Good morning, RVA! It's 39 °F now, but the sunshine and highs in the low 60s will return. Should be a pretty fine day.
Water cooler
Mayor Stoney released his administration's response to the city-wide audit conducted this past summer. You can read the realease or download the PDF, which is only 25 pages long and super readable. Not only does this document lay out what the City has done to already improve day-to-day business over the past year and how it will improve that business moving forward, but it sets up some big, city-wide goals (p. 4). In short:
- Improve schools and the lives of children.
- Promote social and economic inclusion.
- Promote public safety.
- Provide high-quality services.
All of the recommend changes support these four goals, which has a larger impact on some city departments than others. For example, it sounds like Economic and Community Development will be reorganized to separate out and focus on the "community" part of their responsibilities. I'm also stoked on the "Improving Communications Sub-team" which is tasked with...improving communications...between City agencies and with the public. They've been asked to create a Public Information Officer under the CAO to oversee all of the City's internal and external communications. This makes my heart sing with gladness! Anyway, give this thing a read—if nothing else, it's a great way to familiarize yourself with a big-picture view of the City's everyday responsibilities.
Pair this news of an off-duty Richmond Police officer shooting and killing a teenager during an attempted robbery with this column from Michael Paul Williams asking for more police oversight. In the latter, the ACLU says that citizen advisory groups typically don't have the teeth (or resources) to provide meaningful police oversight. I'd love to learn more about what a successful and healthy model for this looks like. If you know, send some links my way!
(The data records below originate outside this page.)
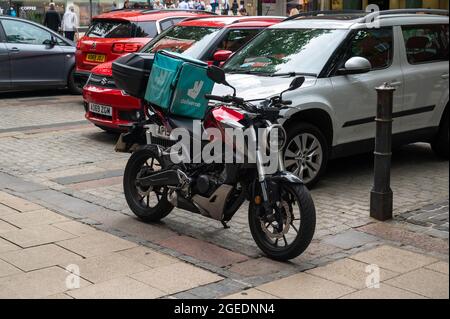 Ein Honda Motorrad mit einer großen Deliveroo-Box auf der Rückseite, das in der Nähe eines Macdonalds Restaurants im Stadtzentrum von Norwich geparkt ist Stockfoto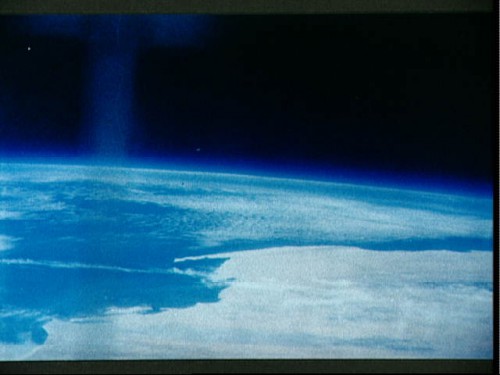The stunning grandeur of a cloud-bedecked Earth, viewed by Scott Carpenter and his hand-held camera. Photo Credit: NASA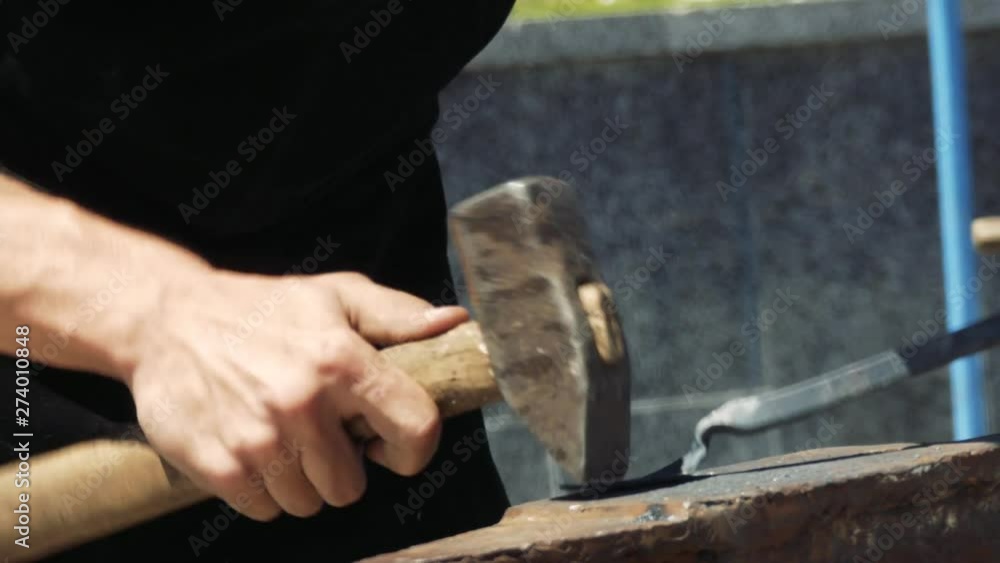 Blacksmith manufactures sheet metal plant. Hammer. Forge. Close-up. Hot metal. Iron. Blacksmith manufactures sheet metal plant. Hammer. Forge. Close-up. Hot metal. Iron.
Graham Moomaw at the Richmond Times-Dispatch has an update on the w-w-w-wild and crazy ballot situation in Fredericksburg. To summarize: ¯\(ツ)\/¯.
Somehow, I missed this profile of Ajay Brewer by Patrick Wilson in the paper this past weekend. Brewer owns the wonderful Brewer's Cafe over in Blackwell. I love this spot and its excellent vibe.
Parents of tiny humans and lovers of delicious food, take note! Laura Lee's now has a kid's happy hour: Children under 14 eat free before 6:00 PM on Monday–Thursday. Whoadang!
I just want to point out that in Richmond Magazine's Monday Rundown, their "picks for the best things to see, do, fand experience in the region over the week ahead," includes City Council's Finance Committee meeting. It's like they're in my head!
If you'd like a complete timeline of all the Trump-Russia shenanigans, Vox has one that's really easy to scan through quickly. And, if you can stomach the president making inappropriate and racist jokes this early in the morning, watch this video of Trump calling Elizabeth Warren "Pocahontas" during an event honoring Navajo code talkers that took place in front of a portrait of Andrew Jackson.
Sports!
- Rams host Appalachian State tonight at 7:00 PM.
- Hokies welcome Iowa to Cassell Coliseum tonight at 9:00 PM.
- Wahoos beat Wisconsin and held them to just 37 points.
This morning's longread
Rulebooks, Playgrounds, and Endgames: A Constitutional Analysis of the Calabresi-Hirji Judgeship Proposal
This nerdy historical analysis of packing federal courts is way interesting.
That’s not the way that the major political parties thought of each other for most of the last century and a half. It is the way that many Democratic-Republicans thought about Federalists in 1801, when the first bill monkeying with the size of the Supreme Court was enacted. With certain nuances, it’s also not far from the way most Republicans thought about most Democrats in the 1860s, when the last such bill was enacted, not long after most Democrats responded to the election of a Republican President by taking up arms against the Union. So not to put too fine a point on it: Yes, it’s true that early in the history of the Republic, Congress altered the size of the Supreme Court several times in order to shift partisan control. But it’s also true that the America in which those things occurred was an America in which political parties often saw each other not as legitimate rivals but as threats to the Republic—and, not coincidentally, an America on the road to civil war, or cleaning up after one. One of the nice things about living in post-Reconstruction America has been that conflict between the major political parties has not escalated all the way to the point of ultimate crisis. I’d like us to keep that going.